**Work request**
Exactly reproduce the lines from the one containing "In front of" through the last line of the data, both ends included, leaving out pictures.
***** Provided data *****
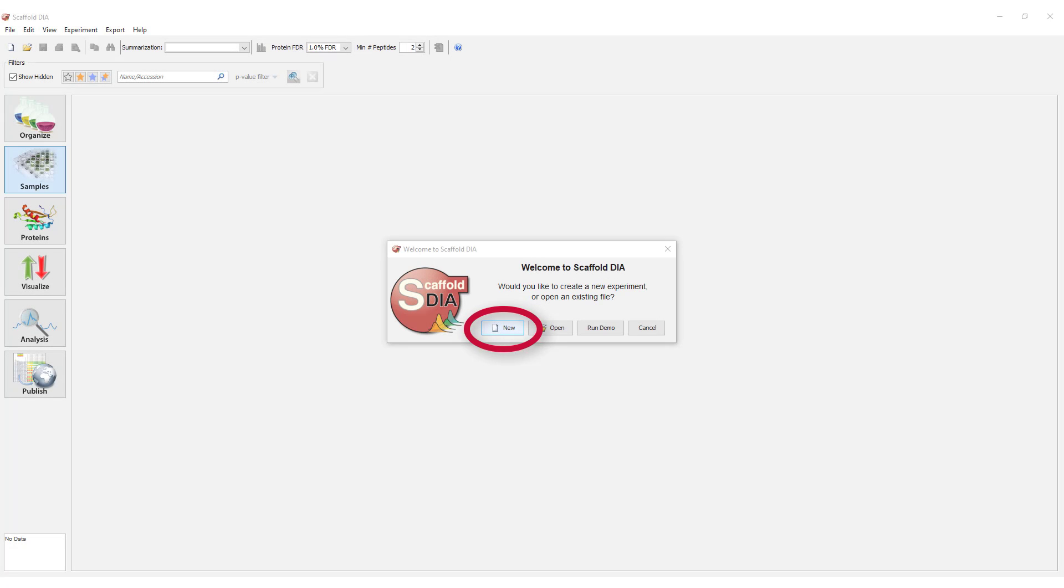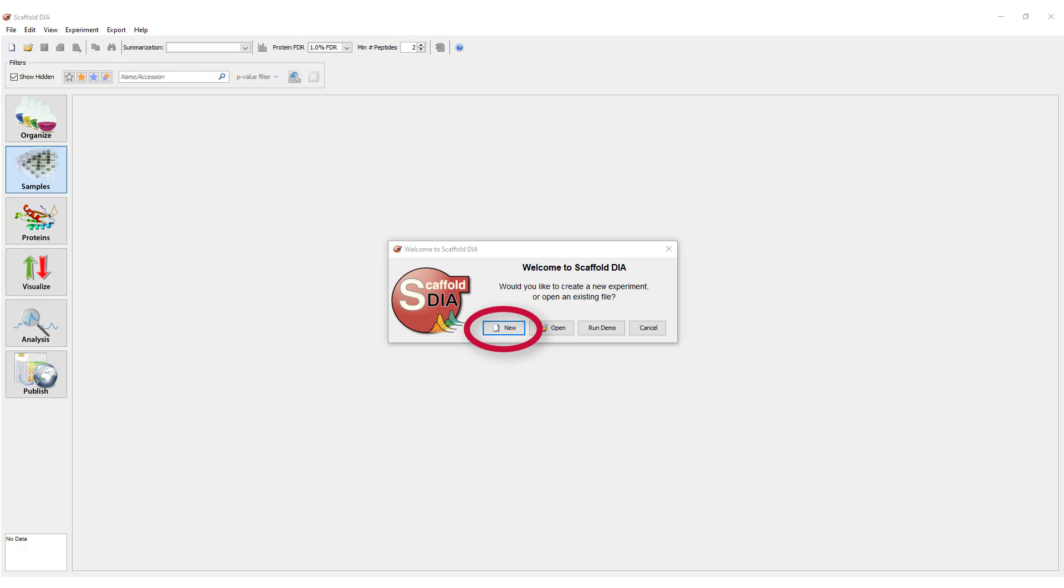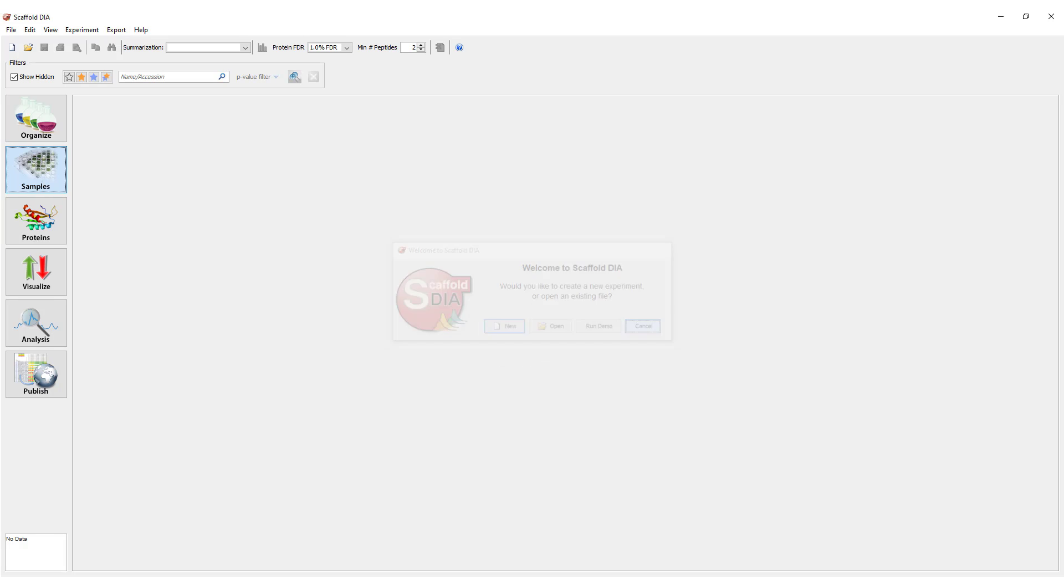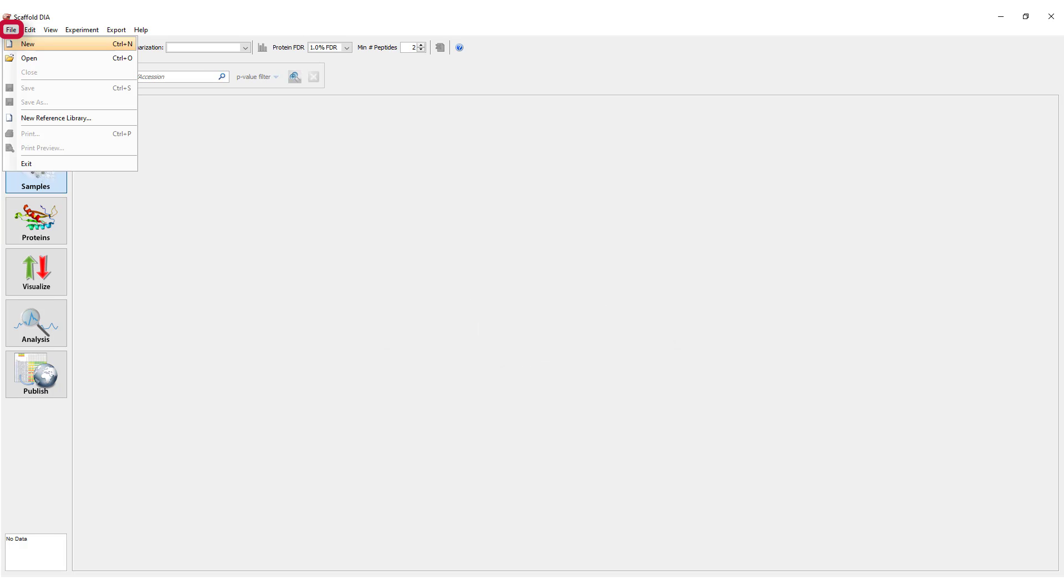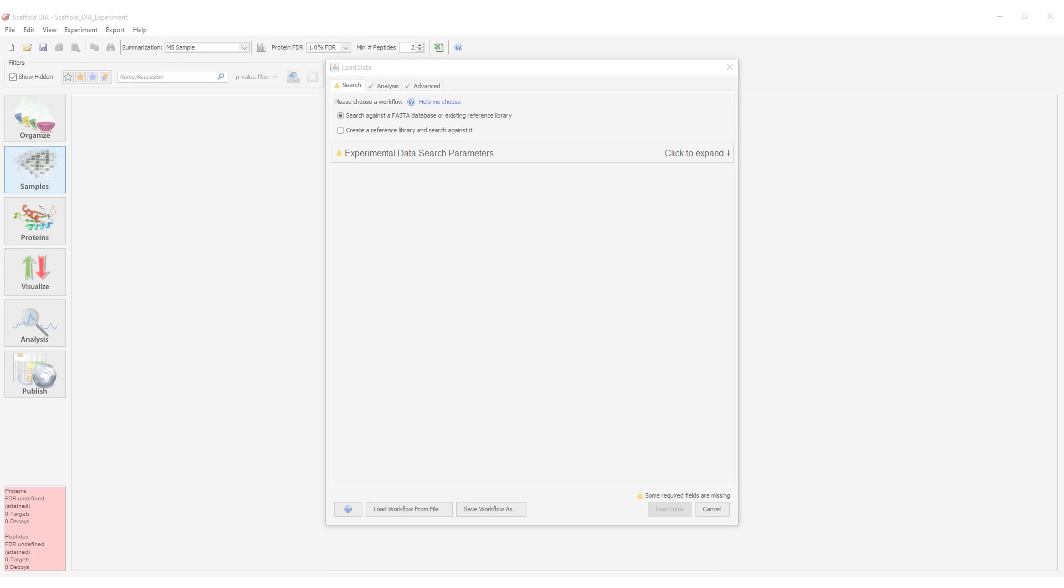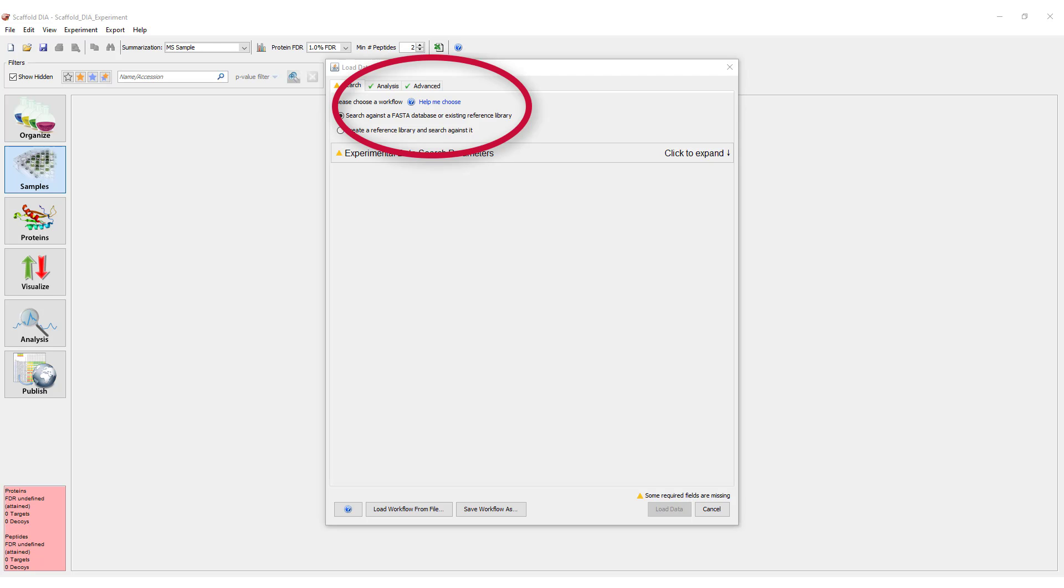The new file icon can be used to create an experiment and is found on the welcome dialog displayed when the program is launched, the file drop-down menu, or the toolbar. For more information on loading data or to access the in-program help guide, click on the Help Me Choose button scattered throughout the load data workflow.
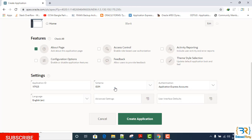Authentication. Authentication framework is an extensible custom framework. In the default Application Express Accounts authentication scheme, users are managed and maintained in the Oracle APEX workspace.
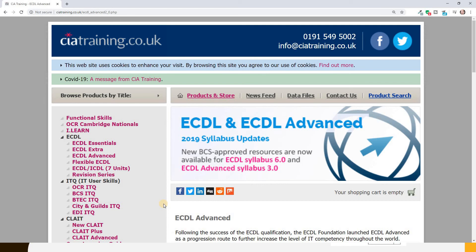As CIA Training releases new materials, their database will be updated and the information will automatically be available immediately to users of the website. If you close the site and also close your browser, we've reached the end of this lesson. In the next lesson, we're going to be discussing database development.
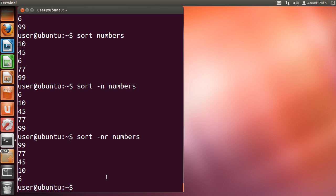Next let us look at the -k option, using which you can sort on the basis of a particular column. Linux provides the feature of sorting a table on the basis of any column number by using the -k option.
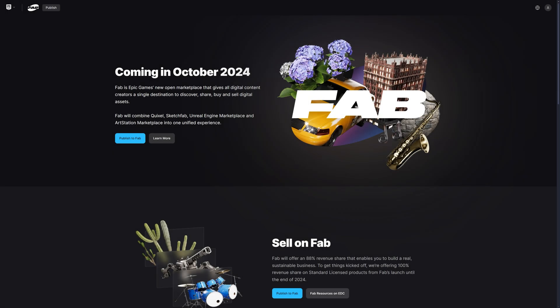Hey guys and welcome back to another video. In today's video, I'm going to be migrating my marketplace assets from the Unreal Engine Marketplace over to Fab, and I'm going to be recording it so everybody else can see how it's done and can follow along if they need help doing it their own way in the future too.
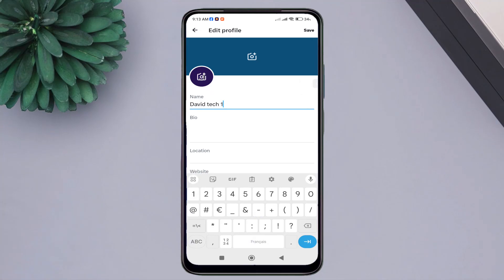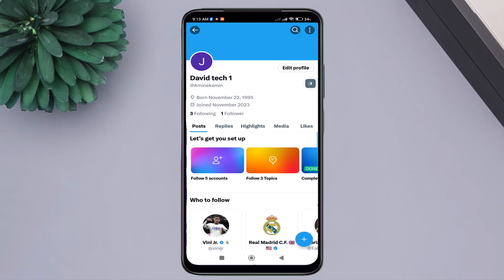Now, type in your new name. Press save. As you can see, my Twitter account name has been successfully changed.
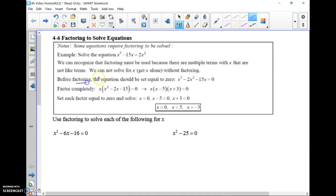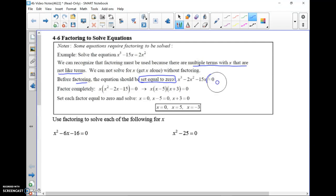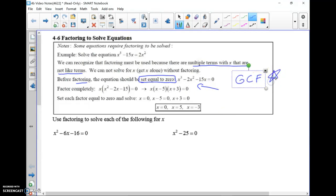The big hint that you need to do factoring is if you're solving for x and there are multiple terms with x that aren't like terms. Once you recognize that, the first step is to set the equation equal to zero — get everything to one side. Then ignore the 'equals zero' for a moment and just factor the left side like we normally do. The first thing we always look for is the GCF — that's the most important factoring method to start with. In this example, everything has an x, so we take out that x.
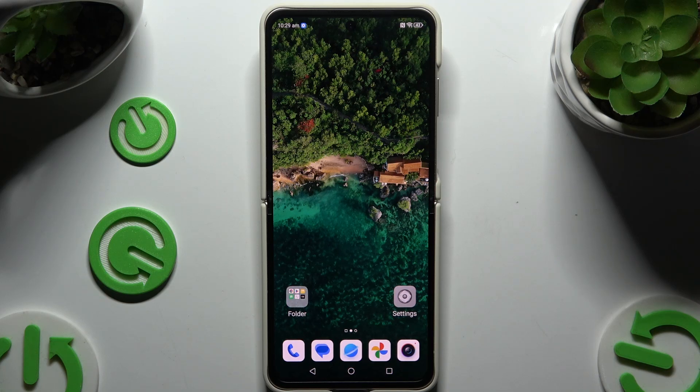In front of me is Nubia Flip, and today I would like to show you how you can open apps in split-screen view.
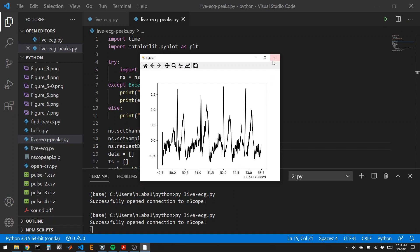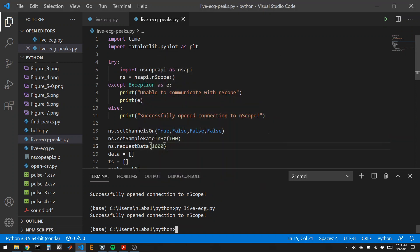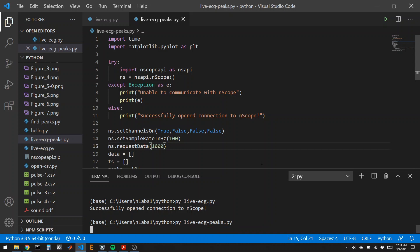Okay, I ran the wrong piece of code. That was the previous piece of code, but this one's called live ECG peaks, okay.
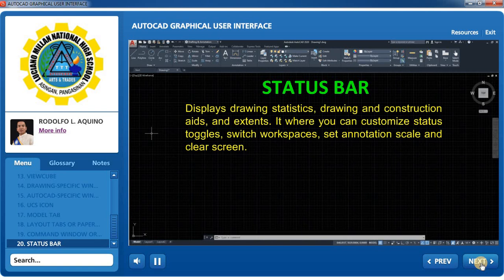Status Bar: Displays drawing statistics, drawing and construction aids, and extents. It is where you can customize status toggles, switch workspaces, set annotation scale, and clear the screen.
*****
**Answer space**
In front of me is Nubia Flip, and today I would like to show you how you can open apps in split-screen view.
Okay, I ran the wrong piece of code. That was the previous piece of code, but this one's called live ECG peaks, okay.
Status Bar: Displays drawing statistics, drawing and construction aids, and extents. It is where you can customize status toggles, switch workspaces, set annotation scale, and clear the screen.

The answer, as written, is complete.